____ Information supplied

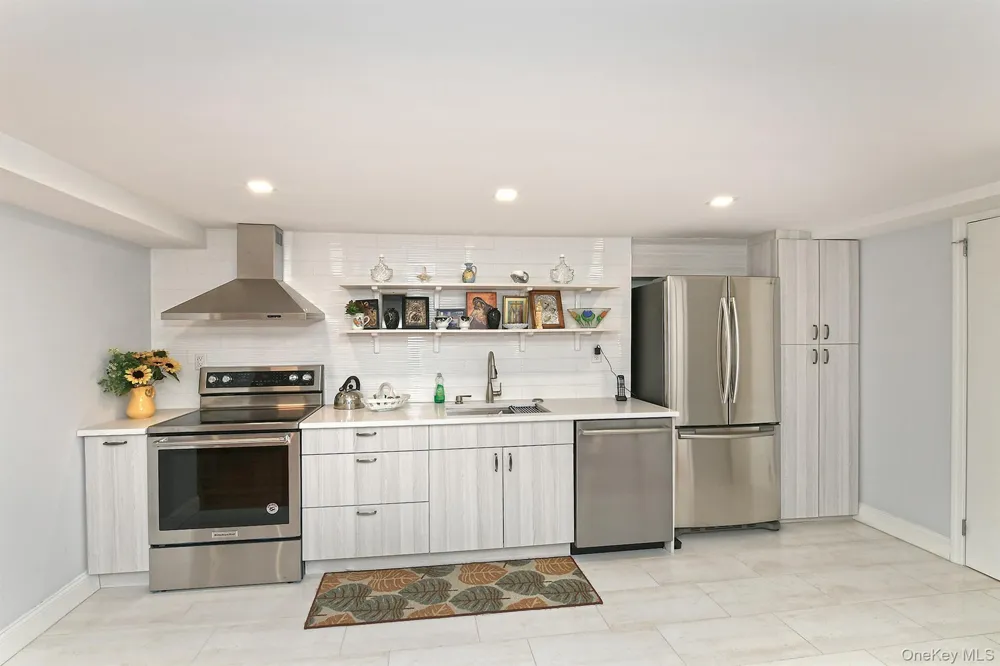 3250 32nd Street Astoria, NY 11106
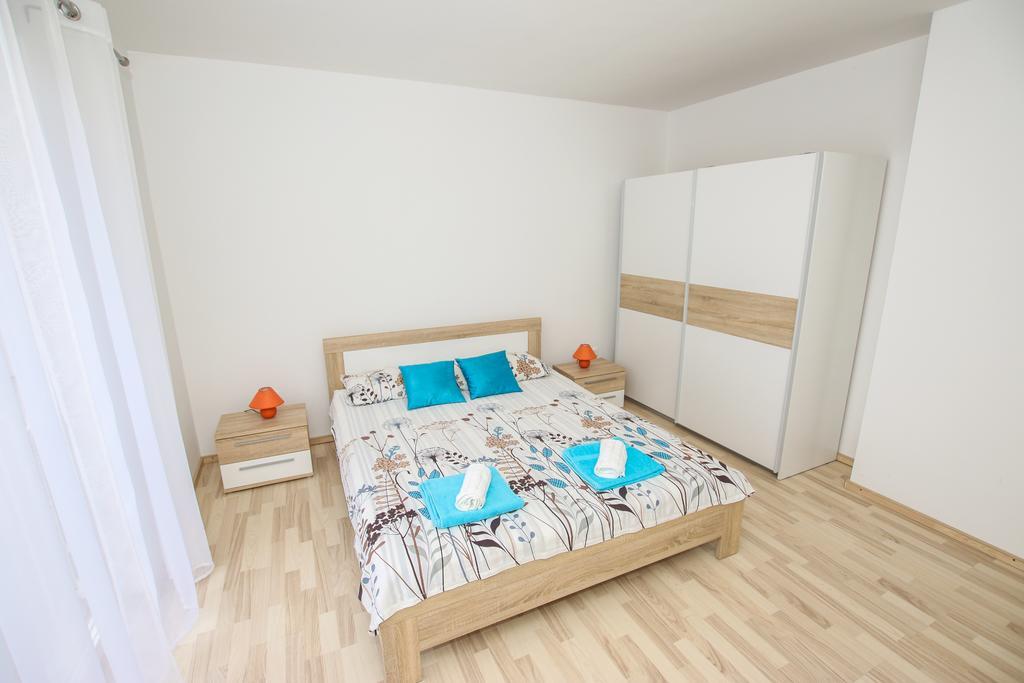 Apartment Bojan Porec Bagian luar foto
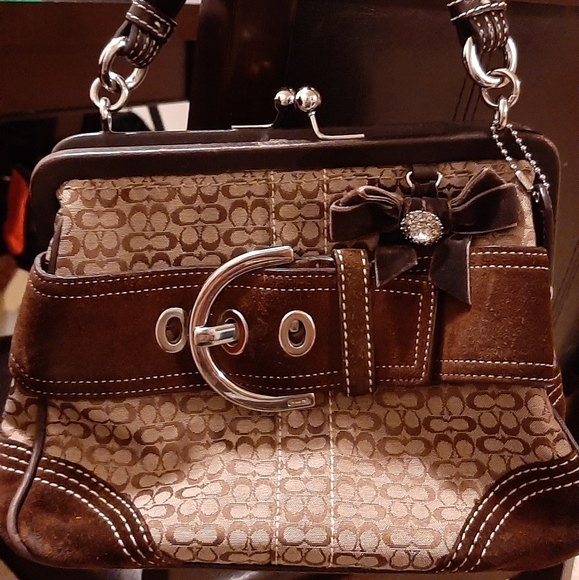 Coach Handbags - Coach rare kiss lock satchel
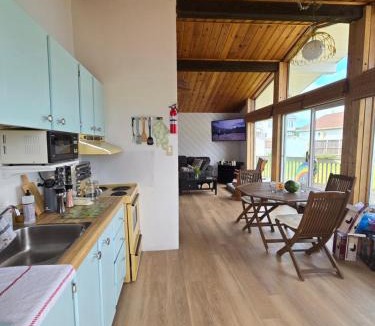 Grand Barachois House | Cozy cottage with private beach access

________

What you will do: Give the data back exactly, omitting all pictures.

Worked solution:
 3250 32nd Street Astoria, NY 11106
 Apartment Bojan Porec Bagian luar foto
 Coach Handbags - Coach rare kiss lock satchel
 Grand Barachois House | Cozy cottage with private beach access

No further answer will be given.